**DATA FOR ANALYSIS**:

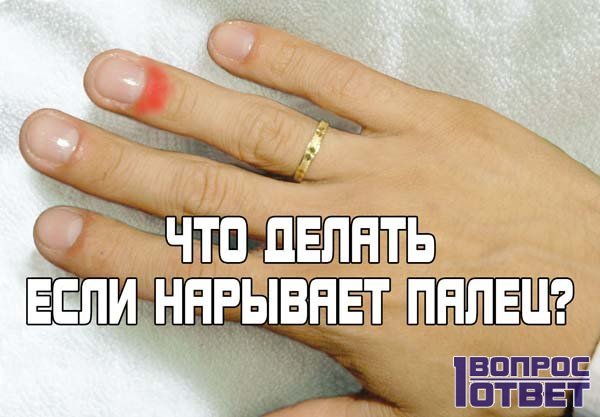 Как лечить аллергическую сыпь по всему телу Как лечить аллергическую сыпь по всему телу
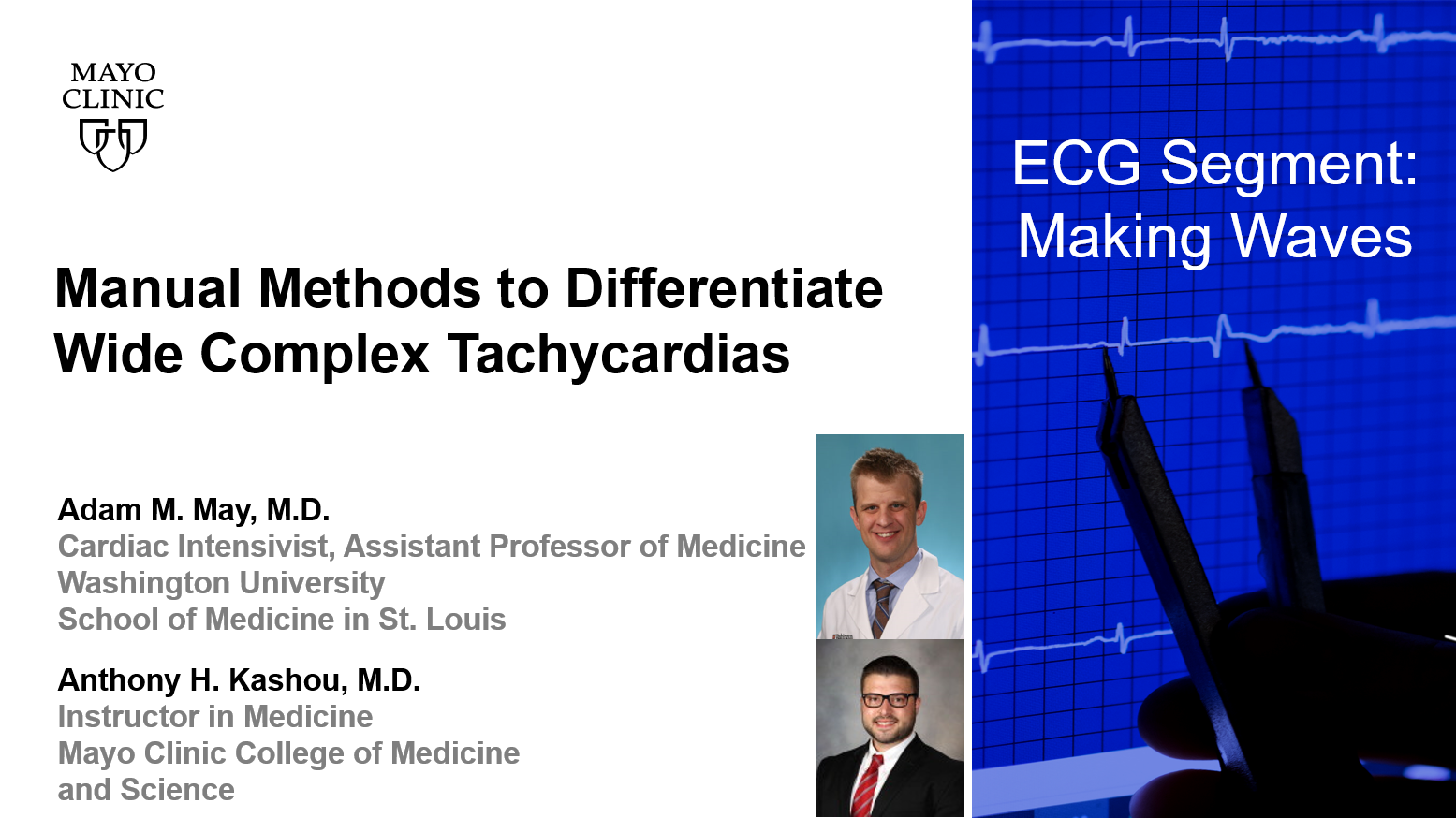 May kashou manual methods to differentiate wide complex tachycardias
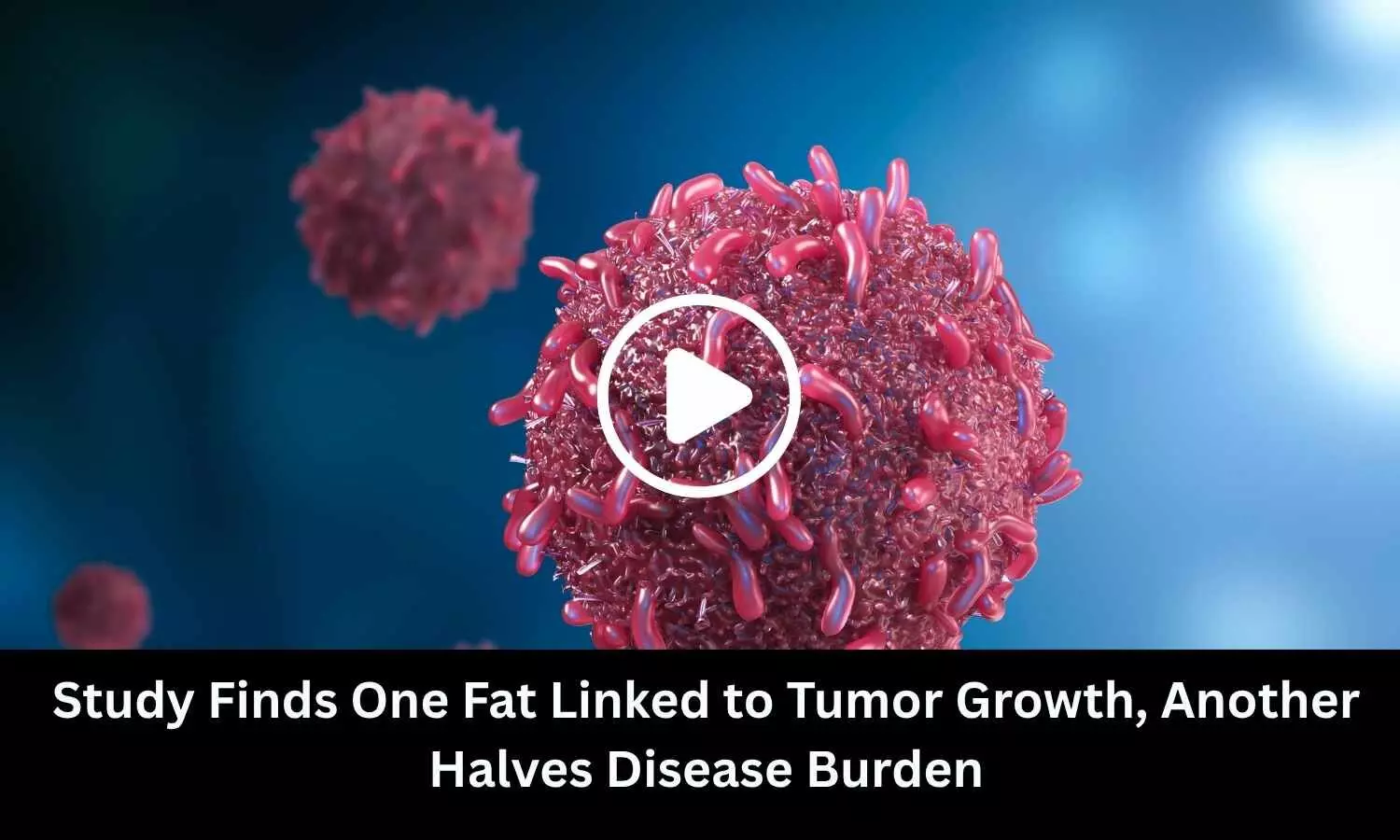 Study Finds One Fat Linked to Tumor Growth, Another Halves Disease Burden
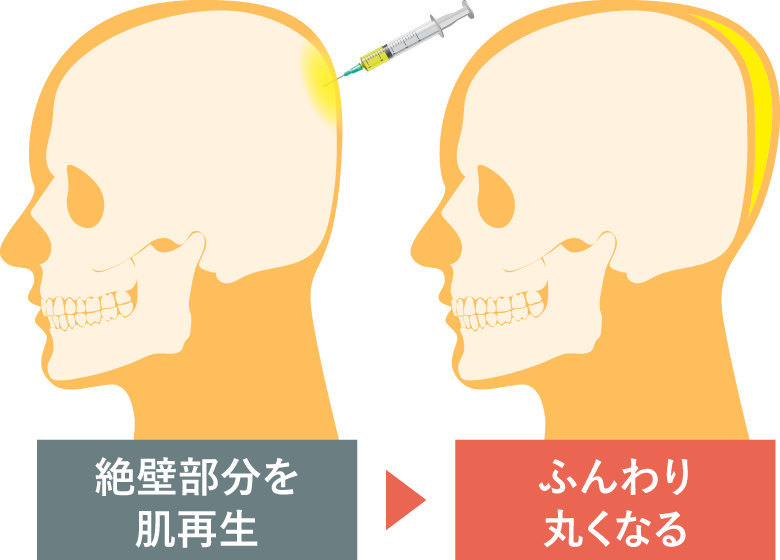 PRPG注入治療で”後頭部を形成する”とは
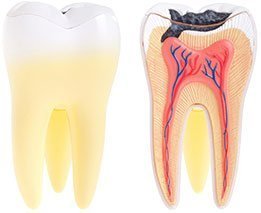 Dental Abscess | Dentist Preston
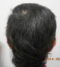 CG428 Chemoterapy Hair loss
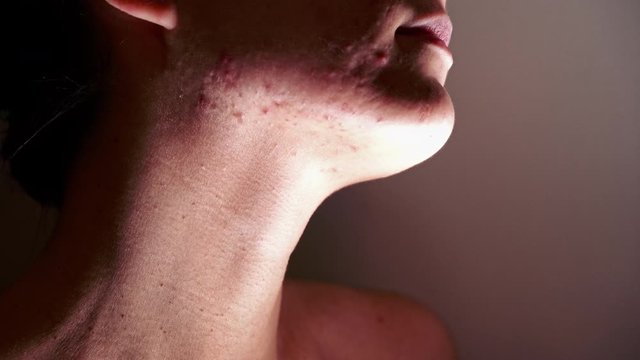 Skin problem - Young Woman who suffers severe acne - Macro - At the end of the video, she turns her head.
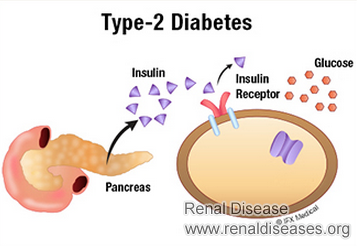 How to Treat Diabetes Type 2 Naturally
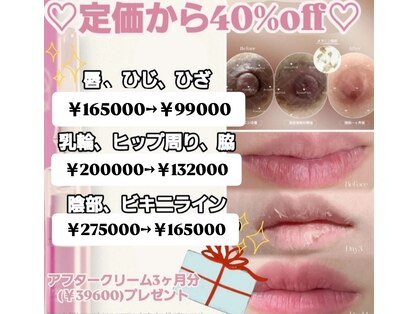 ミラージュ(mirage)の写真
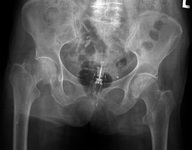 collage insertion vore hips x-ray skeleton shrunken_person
--
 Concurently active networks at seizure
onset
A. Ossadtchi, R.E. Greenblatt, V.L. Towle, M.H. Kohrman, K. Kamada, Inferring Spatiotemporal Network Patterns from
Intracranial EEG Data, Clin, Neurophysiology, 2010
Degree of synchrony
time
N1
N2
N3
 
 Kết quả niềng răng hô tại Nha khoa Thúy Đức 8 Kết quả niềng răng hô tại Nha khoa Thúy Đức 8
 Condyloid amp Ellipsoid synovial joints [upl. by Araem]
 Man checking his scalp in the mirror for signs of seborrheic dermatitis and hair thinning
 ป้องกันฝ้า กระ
...
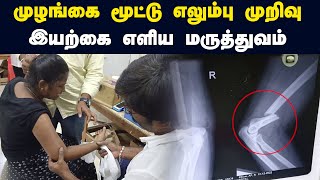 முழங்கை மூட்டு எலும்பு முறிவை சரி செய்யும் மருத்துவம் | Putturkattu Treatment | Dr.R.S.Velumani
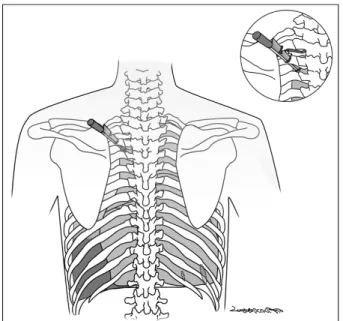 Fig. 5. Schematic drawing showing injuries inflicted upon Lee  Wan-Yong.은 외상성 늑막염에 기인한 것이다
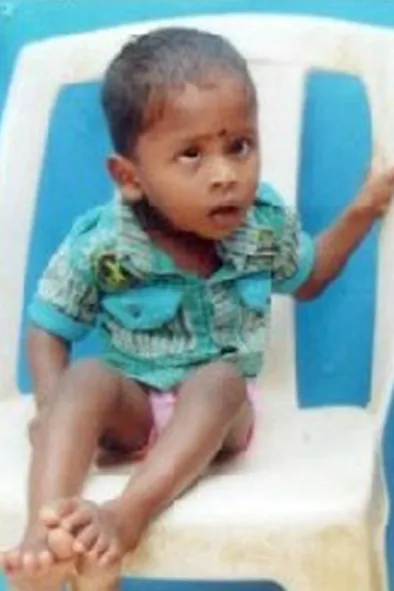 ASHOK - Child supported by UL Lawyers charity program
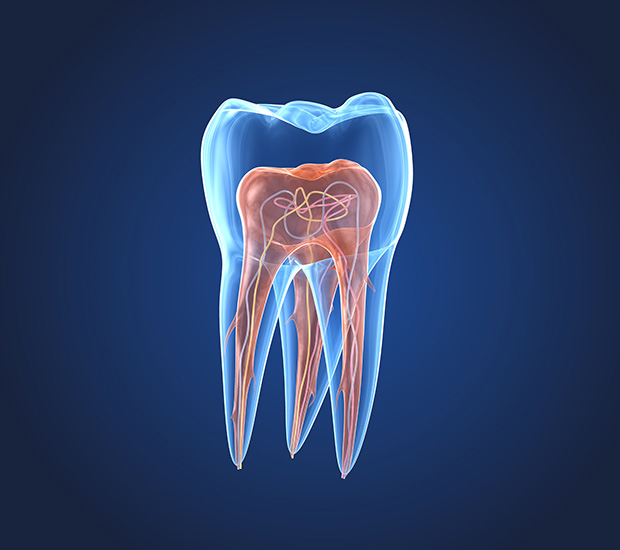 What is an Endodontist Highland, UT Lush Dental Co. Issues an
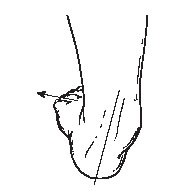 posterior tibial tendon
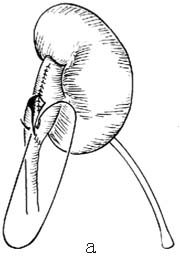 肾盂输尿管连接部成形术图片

**WHAT NEEDS TO BE DONE**:
Lines wanted from the entries above: the one with "May kashou manual", the one with "collage insertion vore", and all lines between. Please copy them exactly, without the pictures and without anything else.

**EXERCISE RESPONSE**:
 May kashou manual methods to differentiate wide complex tachycardias
 Study Finds One Fat Linked to Tumor Growth, Another Halves Disease Burden
 PRPG注入治療で”後頭部を形成する”とは
 Dental Abscess | Dentist Preston
 CG428 Chemoterapy Hair loss
 Skin problem - Young Woman who suffers severe acne - Macro - At the end of the video, she turns her head.
 How to Treat Diabetes Type 2 Naturally
 ミラージュ(mirage)の写真
 collage insertion vore hips x-ray skeleton shrunken_person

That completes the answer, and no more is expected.